# Rec.gov sucks



## fdon (Jul 23, 2008)

Well,

I was one of the lucky few to score a Lodore October date in the first come-first serve bullshit session last March. We planned the trip as a small group and had a couple of on the fence members so I did not attempt to finalize and print the permit until we were certain of our group. Come to find out, rec.gov had recently overhauled their website, screwed up my initial choices and I could not print the ticket to go. Spent a couple of hours with some polite folks there but alas, no results. They promised a return call asap from a permit specialist...its been a weak DICK and we are back home!?

So, I called the Dino main number and it was answered politely and I told the story, got put on hold, a minute later a ranger comes on the line and directs me to email my participant list to the river office (it was Saturday), drive up, check in, and we would indeed go down the river. Sure enough, we drive the 12 hours up, check in without a permit, and were allowed to have the finest adventure ever.

As much as rec.gov sucked this time, the Dino's were the finest folks ever. 

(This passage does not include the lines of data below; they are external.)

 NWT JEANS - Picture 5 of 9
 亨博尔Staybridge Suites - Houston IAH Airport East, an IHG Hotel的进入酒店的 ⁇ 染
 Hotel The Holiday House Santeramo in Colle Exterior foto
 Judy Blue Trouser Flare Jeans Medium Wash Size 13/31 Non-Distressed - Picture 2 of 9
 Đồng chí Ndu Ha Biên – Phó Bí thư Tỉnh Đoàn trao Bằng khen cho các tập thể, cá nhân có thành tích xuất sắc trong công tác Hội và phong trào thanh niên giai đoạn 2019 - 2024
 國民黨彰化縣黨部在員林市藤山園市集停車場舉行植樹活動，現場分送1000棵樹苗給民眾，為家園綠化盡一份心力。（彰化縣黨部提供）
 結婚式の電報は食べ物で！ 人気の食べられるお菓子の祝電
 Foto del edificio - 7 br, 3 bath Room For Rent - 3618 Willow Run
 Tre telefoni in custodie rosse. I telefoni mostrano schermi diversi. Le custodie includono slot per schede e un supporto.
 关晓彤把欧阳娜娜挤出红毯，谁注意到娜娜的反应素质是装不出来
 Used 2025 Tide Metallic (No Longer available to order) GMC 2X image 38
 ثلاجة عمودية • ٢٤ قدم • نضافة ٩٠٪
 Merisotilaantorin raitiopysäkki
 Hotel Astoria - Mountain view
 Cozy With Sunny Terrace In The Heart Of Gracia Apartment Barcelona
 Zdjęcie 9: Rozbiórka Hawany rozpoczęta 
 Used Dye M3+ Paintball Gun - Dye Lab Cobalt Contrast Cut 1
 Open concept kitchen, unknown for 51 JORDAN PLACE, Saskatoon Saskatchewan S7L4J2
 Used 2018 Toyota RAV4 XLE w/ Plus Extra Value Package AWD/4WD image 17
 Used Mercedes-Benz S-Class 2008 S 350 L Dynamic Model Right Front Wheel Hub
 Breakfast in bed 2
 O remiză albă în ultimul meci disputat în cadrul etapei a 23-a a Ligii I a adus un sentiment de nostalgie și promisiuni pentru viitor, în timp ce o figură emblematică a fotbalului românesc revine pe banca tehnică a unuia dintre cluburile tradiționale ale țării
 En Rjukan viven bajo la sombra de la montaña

I long for the old days. Rec.gov needs to step up or fade away. Quickly


----------



## markhusbands (Aug 17, 2015)

Running afoul of website hickups is no fun, but I've used rec.gov for all sorts of purposes and it's been pretty easy in my opinion.


----------



## okieboater (Oct 19, 2004)

Remember when commercial airports check in was nationalized because the private operators were not thought to be qualified to do the job ?

Same politicians most likely gave us Rec dot gov

I will take the Ranger for the Salt River in AZ any day over rec dot gov. And, I believe he did the entire deal in his spare time. I remember when he sent folks who got a permit emails on weather, flow and such.


----------



## shoptech1 (Jul 31, 2008)

his name is Don Sullivan- aka Donnie Jesus! he's the greatest!


----------



## mania (Oct 21, 2003)

fdon said:


> Come to find out, rec.gov had recently overhauled their website, screwed up my initial choices and I could not print the ticket to go.


I had a camping reservation during this time. I clearly got an email beforehand saying the site would be down and I should print it ahead of time. Yeah websites upgrade every now and then. Sound like user error to me.


----------



## Electric-Mayhem (Jan 19, 2004)

I do like the format and ease of use of the new website now that it is up and running. It is more streamlined and easier to see when stuff is available. Might be a double edged sword though... easier to use means more people will use it.

For what its worth...it sounds like the contract to run Rec.gov has changed hands and that was a major reason for the down time. Hopefully this new group won't be quite as crooked and shady. For all I know... its just the same people with a new name though...so I'll withhold judgement.


----------



## Liquido (Feb 27, 2012)

mania said:


> I had a camping reservation during this time. I clearly got an email beforehand saying the site would be down and I should print it ahead of time. Yeah websites upgrade every now and then. Sound like user error to me.


Or more than likely you're full of crap. River permits are much more complicated than your camping reservation. 

I have a Lodore Permit for next week. I was aware the site was going to be down so I dialed things in prior to that happening. Once it was back up my group size was dropped by the system to 2 people instead of 15 and there were other problems. I was unable to correct online. 3 calls and lot of time on hold finally solved the problem, but only after talking to Rec.gov folks who couldn't help. The "permit specialist" didn't call me back as scheduled. I was again on hold for almost an hour because their "call back" feature doesn't work. The system for river permits is a joke. 

Besides ongoing problems within the permit system the ability to score a cancellation permit has become severely compromised. 

I sure miss the days of the river office being in charge of permits. But those days are over.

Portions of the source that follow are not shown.